Winner of 2005 Bancroft Prize, Klarman studies race relations and the role of the Supreme Court

A leading constitutional law expert who has published several books on the history of race relations has accepted an offer to join the Harvard Law School faculty, school officials announced yesterday.

The appointment of Michael J. Klarman, who is currently a law professor at the University of Virginia, brings the total number of full-time faculty to 94—the largest in the Law School’s history—and falls in line with a recent pattern of appointments of professors who are experts in the fields of public interest law.

Klarman attributed his decision to join the Law School to intense lobbying from Dean Elena Kagan, who has made increasing the size of the faculty one of her priorities.

"She was absolutely essential to the outcome," Klarman said. "If it weren't for her, I'm pretty confident this actually wouldn't have happened. [...]She was persevering, generous, warm and caring."

While the Law School made appointments in the past decade that strengthened the faculty in corporate and business law, it has recently added more scholars in the fields of constitutional and administrative law, according to Professor Richard H. Fallon, a constitutional scholar.

"As I look at the rising generation of young scholars, we’ve been extraordinarily successful in getting the best of the generation," said Fallon, who serves on the appointments committee. "We make lots of good appointments at the Law School, [but] this is one that really excites me."

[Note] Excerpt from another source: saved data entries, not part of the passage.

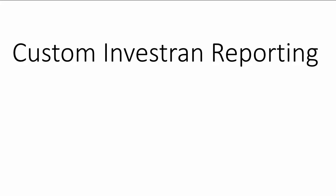Hi, Aaron with Reporting Guru here, and I want to talk about Custom Investran reporting. In general, I want to talk about a real high-level overview of some ways to get custom Investran reports created.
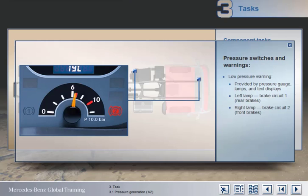The gauge displays the pressure in the storage tanks of circuit 1 or 2, depending on which is the lowest pressure. In some vehicles, two separate gauges are fitted, one for each circuit.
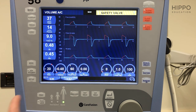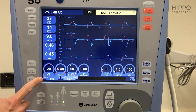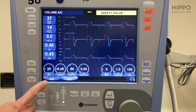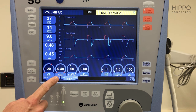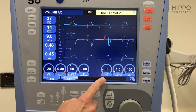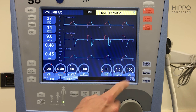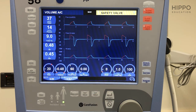They're going to be down here at the bottom. The first one being respiratory rate, followed by tidal volume, PEEP, and FIO2. Let's run through how you would adjust those.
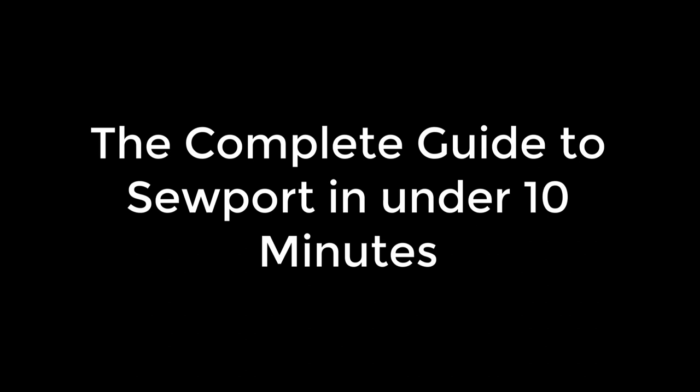Hey there, and welcome to Sewport! My name is Anastasia and you have just joined a demonstration video to the complete guide of Sewport in under 10 minutes.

Fallon added that Klarman—who won the Bancroft Prize, the most prestigious prize for American historical writing, for his 2005 book “From Jim Crow to Civil Rights”—will add a new perspective on the role of the Supreme Court.

Klarman, who was originally offered a faculty position in the spring of 2006, was attracted to the Law School after spending time as a visiting professor in the 2005-2006 academic year. During his stay, he taught three courses in constitutional law, and attended more than 15 Red Sox games—something that he hopes to continue when he moves to Boston.

"I’m looking forward to going to Red Sox games," Klarman said in an interview yesterday. "I’m a huge fan."

In a statement released yesterday, Law School Dean Elena Kagan praised Klarman’s teaching abilities and his legal scholarship.

"Having Mike Klarman join our faculty is like winning a trifecta," Kagan said. "He is a pathbreaking scholar whose work abounds with new insights into some of the most important moments in American constitutional history. He is an extraordinary teacher, as Harvard Law students discovered when he was a visiting professor here."

Klarman is the twenty-second tenured or tenure-track professor hired by the Law School in the past five academic years.

Other recent hires include Noah R. Feldman ’92, a constitutional theorist formerly of New York University, and Kathryn E. Spier, a scholar of law and economics who was previously at Northwestern.